(Input material Opens)

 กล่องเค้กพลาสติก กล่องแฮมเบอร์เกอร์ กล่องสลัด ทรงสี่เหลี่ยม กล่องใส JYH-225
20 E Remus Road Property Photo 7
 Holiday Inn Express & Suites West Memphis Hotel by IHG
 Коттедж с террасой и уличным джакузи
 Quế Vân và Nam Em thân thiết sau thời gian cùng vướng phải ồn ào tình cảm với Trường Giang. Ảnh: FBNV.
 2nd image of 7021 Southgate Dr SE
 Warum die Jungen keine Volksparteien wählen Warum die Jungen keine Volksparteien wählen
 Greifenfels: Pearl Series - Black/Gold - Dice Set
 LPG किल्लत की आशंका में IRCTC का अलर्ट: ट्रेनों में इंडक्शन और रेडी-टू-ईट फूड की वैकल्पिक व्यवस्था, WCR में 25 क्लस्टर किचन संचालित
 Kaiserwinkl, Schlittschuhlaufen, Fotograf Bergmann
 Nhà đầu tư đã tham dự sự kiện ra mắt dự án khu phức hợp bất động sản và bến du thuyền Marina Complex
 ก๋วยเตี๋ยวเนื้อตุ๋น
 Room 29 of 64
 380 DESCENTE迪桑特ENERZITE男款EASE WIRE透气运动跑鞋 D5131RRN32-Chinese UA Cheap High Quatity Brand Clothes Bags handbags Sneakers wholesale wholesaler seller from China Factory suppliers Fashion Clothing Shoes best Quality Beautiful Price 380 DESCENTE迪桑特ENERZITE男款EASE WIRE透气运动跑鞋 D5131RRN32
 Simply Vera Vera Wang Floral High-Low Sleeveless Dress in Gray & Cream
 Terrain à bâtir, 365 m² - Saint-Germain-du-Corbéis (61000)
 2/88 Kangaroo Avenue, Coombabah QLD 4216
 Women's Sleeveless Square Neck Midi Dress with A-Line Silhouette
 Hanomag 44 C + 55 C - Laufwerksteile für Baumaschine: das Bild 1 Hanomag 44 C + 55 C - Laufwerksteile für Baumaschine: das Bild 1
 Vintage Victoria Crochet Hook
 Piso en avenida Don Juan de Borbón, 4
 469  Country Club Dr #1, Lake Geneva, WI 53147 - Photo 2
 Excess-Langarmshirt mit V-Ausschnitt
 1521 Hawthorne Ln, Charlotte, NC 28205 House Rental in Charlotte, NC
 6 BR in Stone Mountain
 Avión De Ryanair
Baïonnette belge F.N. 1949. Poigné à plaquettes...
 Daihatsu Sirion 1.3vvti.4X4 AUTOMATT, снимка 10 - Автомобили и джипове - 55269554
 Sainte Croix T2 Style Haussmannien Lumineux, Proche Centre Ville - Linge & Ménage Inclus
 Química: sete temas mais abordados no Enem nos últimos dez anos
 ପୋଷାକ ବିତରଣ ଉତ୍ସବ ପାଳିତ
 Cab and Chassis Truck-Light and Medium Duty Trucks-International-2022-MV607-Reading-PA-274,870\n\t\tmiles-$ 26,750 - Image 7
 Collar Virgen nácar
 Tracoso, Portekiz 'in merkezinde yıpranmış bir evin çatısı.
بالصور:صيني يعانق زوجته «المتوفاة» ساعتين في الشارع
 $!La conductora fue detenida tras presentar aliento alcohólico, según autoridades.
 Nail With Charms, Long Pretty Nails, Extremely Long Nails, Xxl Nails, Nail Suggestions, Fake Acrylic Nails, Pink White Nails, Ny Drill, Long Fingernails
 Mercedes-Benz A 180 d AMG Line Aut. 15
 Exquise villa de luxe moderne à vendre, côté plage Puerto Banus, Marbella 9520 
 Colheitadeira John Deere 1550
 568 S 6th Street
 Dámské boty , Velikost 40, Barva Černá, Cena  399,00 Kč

(Input material Closes)

Whatever lines appear above, reproduce every one of them exactly.

* _Solution for this task_:
 กล่องเค้กพลาสติก กล่องแฮมเบอร์เกอร์ กล่องสลัด ทรงสี่เหลี่ยม กล่องใส JYH-225
20 E Remus Road Property Photo 7
 Holiday Inn Express & Suites West Memphis Hotel by IHG
 Коттедж с террасой и уличным джакузи
 Quế Vân và Nam Em thân thiết sau thời gian cùng vướng phải ồn ào tình cảm với Trường Giang. Ảnh: FBNV.
 2nd image of 7021 Southgate Dr SE
 Warum die Jungen keine Volksparteien wählen Warum die Jungen keine Volksparteien wählen
 Greifenfels: Pearl Series - Black/Gold - Dice Set
 LPG किल्लत की आशंका में IRCTC का अलर्ट: ट्रेनों में इंडक्शन और रेडी-टू-ईट फूड की वैकल्पिक व्यवस्था, WCR में 25 क्लस्टर किचन संचालित
 Kaiserwinkl, Schlittschuhlaufen, Fotograf Bergmann
 Nhà đầu tư đã tham dự sự kiện ra mắt dự án khu phức hợp bất động sản và bến du thuyền Marina Complex
 ก๋วยเตี๋ยวเนื้อตุ๋น
 Room 29 of 64
 380 DESCENTE迪桑特ENERZITE男款EASE WIRE透气运动跑鞋 D5131RRN32-Chinese UA Cheap High Quatity Brand Clothes Bags handbags Sneakers wholesale wholesaler seller from China Factory suppliers Fashion Clothing Shoes best Quality Beautiful Price 380 DESCENTE迪桑特ENERZITE男款EASE WIRE透气运动跑鞋 D5131RRN32
 Simply Vera Vera Wang Floral High-Low Sleeveless Dress in Gray & Cream
 Terrain à bâtir, 365 m² - Saint-Germain-du-Corbéis (61000)
 2/88 Kangaroo Avenue, Coombabah QLD 4216
 Women's Sleeveless Square Neck Midi Dress with A-Line Silhouette
 Hanomag 44 C + 55 C - Laufwerksteile für Baumaschine: das Bild 1 Hanomag 44 C + 55 C - Laufwerksteile für Baumaschine: das Bild 1
 Vintage Victoria Crochet Hook
 Piso en avenida Don Juan de Borbón, 4
 469  Country Club Dr #1, Lake Geneva, WI 53147 - Photo 2
 Excess-Langarmshirt mit V-Ausschnitt
 1521 Hawthorne Ln, Charlotte, NC 28205 House Rental in Charlotte, NC
 6 BR in Stone Mountain
 Avión De Ryanair
Baïonnette belge F.N. 1949. Poigné à plaquettes...
 Daihatsu Sirion 1.3vvti.4X4 AUTOMATT, снимка 10 - Автомобили и джипове - 55269554
 Sainte Croix T2 Style Haussmannien Lumineux, Proche Centre Ville - Linge & Ménage Inclus
 Química: sete temas mais abordados no Enem nos últimos dez anos
 ପୋଷାକ ବିତରଣ ଉତ୍ସବ ପାଳିତ
 Cab and Chassis Truck-Light and Medium Duty Trucks-International-2022-MV607-Reading-PA-274,870\n\t\tmiles-$ 26,750 - Image 7
 Collar Virgen nácar
 Tracoso, Portekiz 'in merkezinde yıpranmış bir evin çatısı.
بالصور:صيني يعانق زوجته «المتوفاة» ساعتين في الشارع
 $!La conductora fue detenida tras presentar aliento alcohólico, según autoridades.
 Nail With Charms, Long Pretty Nails, Extremely Long Nails, Xxl Nails, Nail Suggestions, Fake Acrylic Nails, Pink White Nails, Ny Drill, Long Fingernails
 Mercedes-Benz A 180 d AMG Line Aut. 15
 Exquise villa de luxe moderne à vendre, côté plage Puerto Banus, Marbella 9520 
 Colheitadeira John Deere 1550
 568 S 6th Street
 Dámské boty , Velikost 40, Barva Černá, Cena  399,00 Kč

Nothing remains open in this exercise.